- **WHAT NEEDS TO BE DONE**
Return verbatim every line from the first line of the data below to the line that contains "Used 2012 Chevrolet", inclusive, and no further.
= = = =
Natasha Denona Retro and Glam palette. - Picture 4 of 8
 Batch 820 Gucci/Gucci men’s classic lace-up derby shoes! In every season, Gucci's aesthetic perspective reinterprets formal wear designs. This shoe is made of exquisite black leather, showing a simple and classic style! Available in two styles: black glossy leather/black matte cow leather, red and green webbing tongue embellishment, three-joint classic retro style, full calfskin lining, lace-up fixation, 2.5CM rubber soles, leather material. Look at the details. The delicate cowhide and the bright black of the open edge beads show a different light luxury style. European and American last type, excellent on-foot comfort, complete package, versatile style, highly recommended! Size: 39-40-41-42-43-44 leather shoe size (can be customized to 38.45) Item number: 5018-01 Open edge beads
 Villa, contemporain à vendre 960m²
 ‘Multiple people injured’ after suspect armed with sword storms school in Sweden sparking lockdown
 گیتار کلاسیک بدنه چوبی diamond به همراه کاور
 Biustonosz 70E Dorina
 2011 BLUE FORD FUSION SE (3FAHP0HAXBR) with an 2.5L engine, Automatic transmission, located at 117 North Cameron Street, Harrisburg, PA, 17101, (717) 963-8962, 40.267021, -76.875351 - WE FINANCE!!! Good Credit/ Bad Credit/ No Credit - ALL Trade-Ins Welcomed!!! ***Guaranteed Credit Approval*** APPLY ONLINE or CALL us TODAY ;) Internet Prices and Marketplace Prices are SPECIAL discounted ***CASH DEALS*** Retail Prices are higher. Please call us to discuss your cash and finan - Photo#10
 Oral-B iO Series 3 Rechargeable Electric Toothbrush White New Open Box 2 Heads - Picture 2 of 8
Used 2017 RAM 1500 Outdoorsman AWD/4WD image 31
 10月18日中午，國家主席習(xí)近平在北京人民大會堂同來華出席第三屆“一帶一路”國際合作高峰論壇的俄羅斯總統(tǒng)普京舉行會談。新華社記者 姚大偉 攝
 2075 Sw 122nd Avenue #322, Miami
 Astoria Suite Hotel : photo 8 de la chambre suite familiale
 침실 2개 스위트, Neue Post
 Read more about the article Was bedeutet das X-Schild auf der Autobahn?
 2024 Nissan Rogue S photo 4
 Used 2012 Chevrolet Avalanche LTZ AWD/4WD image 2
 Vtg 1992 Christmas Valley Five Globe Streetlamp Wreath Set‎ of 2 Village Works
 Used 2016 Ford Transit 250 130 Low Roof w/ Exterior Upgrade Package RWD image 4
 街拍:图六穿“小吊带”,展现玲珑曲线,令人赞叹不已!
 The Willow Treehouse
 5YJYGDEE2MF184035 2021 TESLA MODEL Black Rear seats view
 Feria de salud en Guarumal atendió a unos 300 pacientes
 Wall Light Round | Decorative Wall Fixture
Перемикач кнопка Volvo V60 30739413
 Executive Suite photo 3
= = = =
- **ANSWER TO THE PROBLEM**
Natasha Denona Retro and Glam palette. - Picture 4 of 8
 Batch 820 Gucci/Gucci men’s classic lace-up derby shoes! In every season, Gucci's aesthetic perspective reinterprets formal wear designs. This shoe is made of exquisite black leather, showing a simple and classic style! Available in two styles: black glossy leather/black matte cow leather, red and green webbing tongue embellishment, three-joint classic retro style, full calfskin lining, lace-up fixation, 2.5CM rubber soles, leather material. Look at the details. The delicate cowhide and the bright black of the open edge beads show a different light luxury style. European and American last type, excellent on-foot comfort, complete package, versatile style, highly recommended! Size: 39-40-41-42-43-44 leather shoe size (can be customized to 38.45) Item number: 5018-01 Open edge beads
 Villa, contemporain à vendre 960m²
 ‘Multiple people injured’ after suspect armed with sword storms school in Sweden sparking lockdown
 گیتار کلاسیک بدنه چوبی diamond به همراه کاور
 Biustonosz 70E Dorina
 2011 BLUE FORD FUSION SE (3FAHP0HAXBR) with an 2.5L engine, Automatic transmission, located at 117 North Cameron Street, Harrisburg, PA, 17101, (717) 963-8962, 40.267021, -76.875351 - WE FINANCE!!! Good Credit/ Bad Credit/ No Credit - ALL Trade-Ins Welcomed!!! ***Guaranteed Credit Approval*** APPLY ONLINE or CALL us TODAY ;) Internet Prices and Marketplace Prices are SPECIAL discounted ***CASH DEALS*** Retail Prices are higher. Please call us to discuss your cash and finan - Photo#10
 Oral-B iO Series 3 Rechargeable Electric Toothbrush White New Open Box 2 Heads - Picture 2 of 8
Used 2017 RAM 1500 Outdoorsman AWD/4WD image 31
 10月18日中午，國家主席習(xí)近平在北京人民大會堂同來華出席第三屆“一帶一路”國際合作高峰論壇的俄羅斯總統(tǒng)普京舉行會談。新華社記者 姚大偉 攝
 2075 Sw 122nd Avenue #322, Miami
 Astoria Suite Hotel : photo 8 de la chambre suite familiale
 침실 2개 스위트, Neue Post
 Read more about the article Was bedeutet das X-Schild auf der Autobahn?
 2024 Nissan Rogue S photo 4
 Used 2012 Chevrolet Avalanche LTZ AWD/4WD image 2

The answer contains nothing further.